A survey finds that most companies will increase spending for online marketing.
Thad Rueter , Senior Editor
Online marketing will get a boost this year in the United Kingdom, according to a report released today, with 68% of surveyed companies planning to increase their digital marketing budgets over the next 12 months. By comparison, 16% of companies will spend more on non-digital marketing this year than in 2011.
The findings from research and consulting firm Econsultancy and marketing services company Experian Marketing Services are based on a survey of 500 unidentified firms conducted in December and January. On average, the survey finds, respondents will spend 36% of their total marketing budgets on digital efforts in 2012, slightly less than 37% in 2011.
“The majority of companies are increasing investment in both established digital channels, such as e-mail and paid search, as well as fast-growing areas such as social media and mobile marketing,” says Econsultancy research director Linus Gregoriadis.
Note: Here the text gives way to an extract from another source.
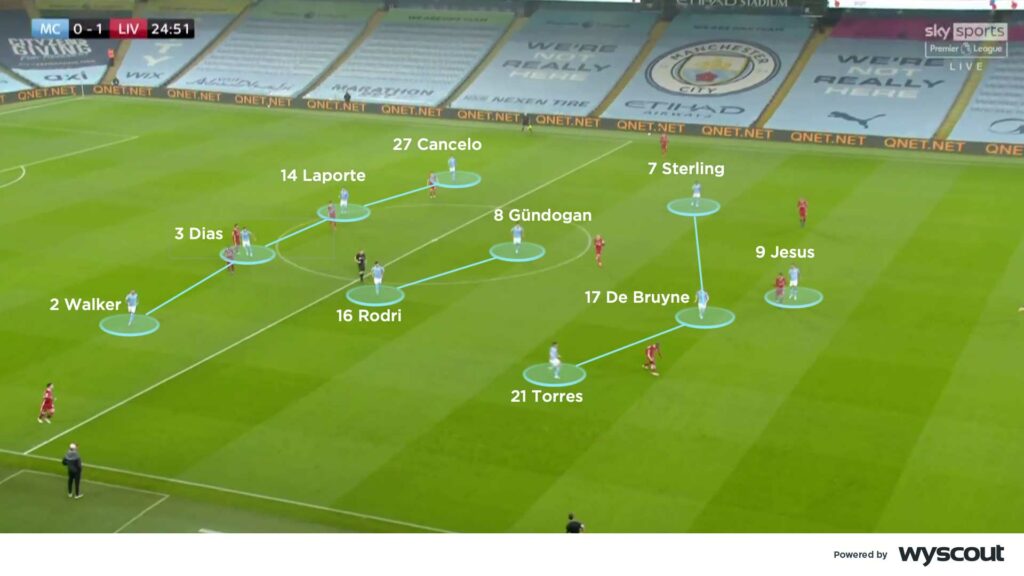 The Best Tactics You Should Use in Football Manager 21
For companies that plan to spend more on digital marketing, 79% of them will increase spending by more than 10%. And for all respondents, 56% of them plan to hire more employees for their digital marketing staffs, up from 51% that said the same thing for last year’s survey.
“With many companies being forced to tighten their belts due to uncertain economic conditions, it is also encouraging to see so many organizations expanding their digital teams to harness the opportunities to engage and sell to consumers in a fast-changing digital environment,” Gregoriadis says.
The report also found that:
• Company culture and lack of employees are the two main reasons that prevent companies from doing more digital marketing.
• 55% of respondents say they have a “very good” or “good” understanding of the return on investment for digital marketing, higher than the 44% for non-digital efforts.
• 69% of respondents plan to spend more this year than in 2011 on social marketing via Facebook, Twitter and similar outlets.
• 57% of respondents say they will invest in mobile applications in 2012.